Added in: v0.17.7 File: src/selectools/cache_semantic.py

Overview

SemanticCache is a drop-in replacement for InMemoryCache that serves cached LLM responses for semantically equivalent queries — even when the exact wording differs.

Instead of exact-string key matching, it embeds each cache key using any EmbeddingProvider and compares incoming queries via cosine similarity. A hit is returned when the best match exceeds a configurable similarity_threshold.

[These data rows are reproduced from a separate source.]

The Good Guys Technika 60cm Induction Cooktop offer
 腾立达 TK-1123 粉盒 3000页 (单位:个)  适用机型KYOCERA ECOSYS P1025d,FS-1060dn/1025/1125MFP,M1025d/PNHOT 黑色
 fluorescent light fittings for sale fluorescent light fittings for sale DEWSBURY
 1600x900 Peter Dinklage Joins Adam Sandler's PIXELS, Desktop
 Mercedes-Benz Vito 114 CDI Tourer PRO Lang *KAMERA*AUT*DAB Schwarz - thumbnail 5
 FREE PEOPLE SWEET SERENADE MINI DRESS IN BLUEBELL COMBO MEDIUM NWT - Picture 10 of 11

from selectools.cache_semantic import SemanticCache
from selectools.embeddings.openai import OpenAIEmbeddingProvider

cache = SemanticCache(
    embedding_provider=OpenAIEmbeddingProvider(),
    similarity_threshold=0.92,
    max_size=500,
    default_ttl=3600,
)
config = AgentConfig(cache=cache)

# "What's the weather in NYC?" hits cache for "Weather in New York City?"

Quick Start

from selectools import Agent, AgentConfig
from selectools.cache_semantic import SemanticCache
from selectools.embeddings.openai import OpenAIEmbeddingProvider

cache = SemanticCache(
    embedding_provider=OpenAIEmbeddingProvider(),
    similarity_threshold=0.92,
)

agent = Agent(
    tools=[...],
    config=AgentConfig(cache=cache),
)

r1 = agent.run("What's the weather in NYC?")
r2 = agent.run("Weather in New York City?")  # cache hit — no LLM call

cache_hit = any(s.type.value == "cache_hit" for s in r2.trace.steps)
print(cache_hit)  # True
print(cache.stats)  # CacheStats(hits=1, misses=1, evictions=0, hit_rate=50.00%)

Constructor Parameters

Parameter Type Default Description
embedding_provider EmbeddingProvider Provides embed_text() and embed_query(). Required.
similarity_threshold float 0.92 Minimum cosine similarity for a cache hit. Range: [0.0, 1.0].
max_size int 1000 Maximum entries before LRU eviction. 0 = unbounded.
default_ttl Optional[int] None Default TTL in seconds. None = no expiry.

Methods

get(key: str) → Optional[Tuple[Any, Any]]

Embeds key and scans stored entries for the best cosine similarity match.

  • Returns the cached value if best score ≥ similarity_threshold and entry has not expired.
  • Moves the matched entry to the end of the LRU list on hit.
  • Returns None on miss.

set(key: str, value: Tuple[Any, Any], ttl: Optional[int] = None) → None

Embeds key and stores the entry.

  • Replaces an existing entry if the exact key already exists.
  • Evicts the LRU entry when max_size is reached.
  • TTL overrides default_ttl if provided.

delete(key: str) → bool

Removes an entry by exact original key. Returns True if found and removed.

clear() → None

Removes all entries and resets CacheStats.

stats → CacheStats

Read-only snapshot of hit/miss/eviction counters and hit_rate.

size → int

Number of entries currently stored (includes expired entries not yet pruned).

How Similarity Works

Cosine similarity is computed in pure Python (no NumPy):

similarity(a, b) = dot(a, b) / (‖a‖ · ‖b‖)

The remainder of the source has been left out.